> _What needs to be done_
The pictures in the data below are to be omitted; all else must be duplicated exactly.

> _Given material_
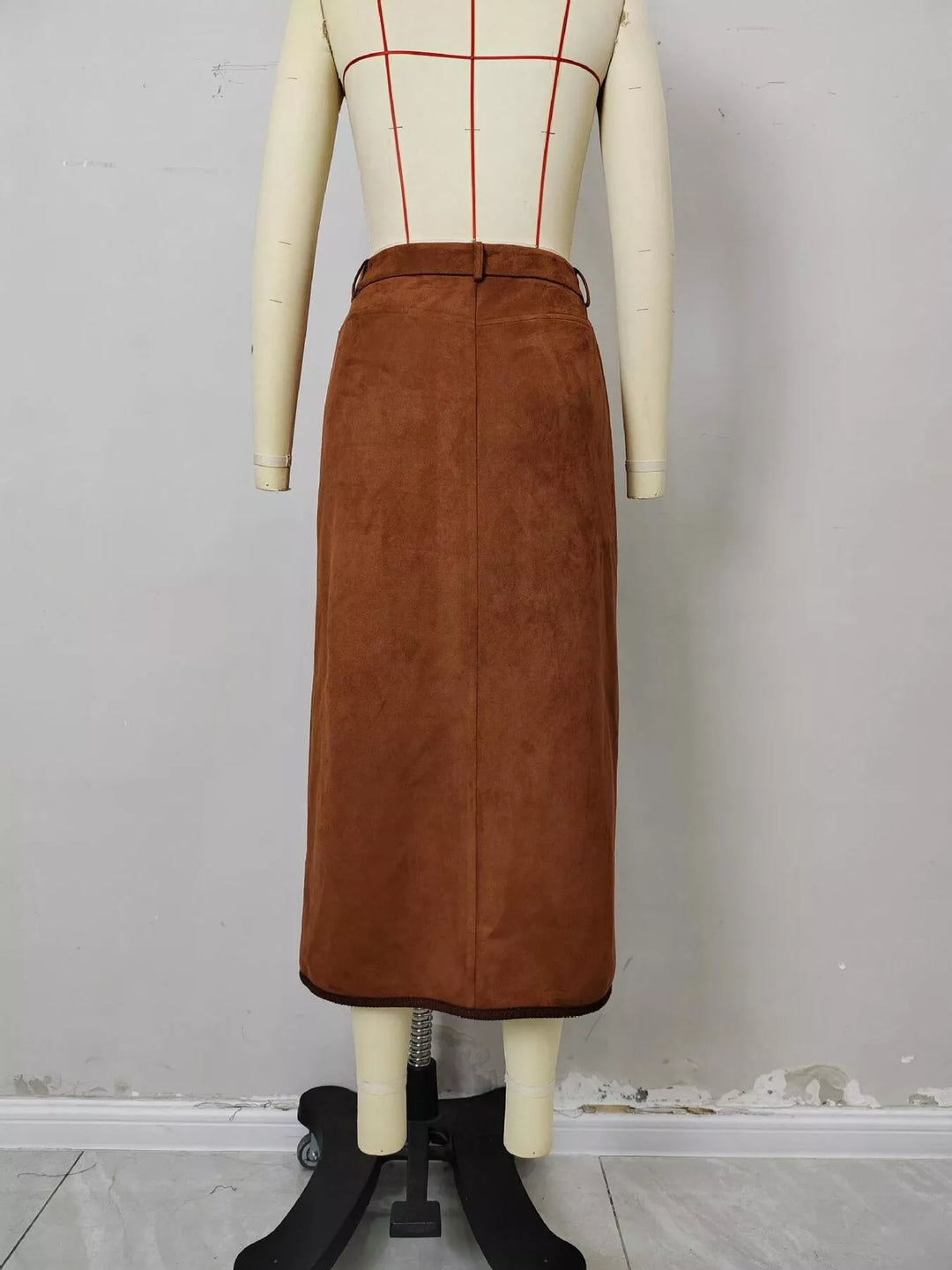Back view of the rust midi skirt on a mannequin with piped hem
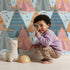 Lovely child standing in front of Whimsy Tots Teepee Parade Wallpaper in Blue with teepee, arrow, triangle, tent in design.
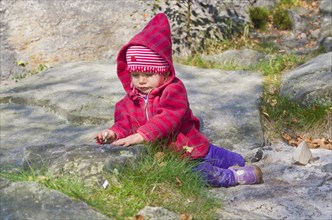 Little girl playing between rocks in the sand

> _Response area_
Back view of the rust midi skirt on a mannequin with piped hem
 Lovely child standing in front of Whimsy Tots Teepee Parade Wallpaper in Blue with teepee, arrow, triangle, tent in design.
 Little girl playing between rocks in the sand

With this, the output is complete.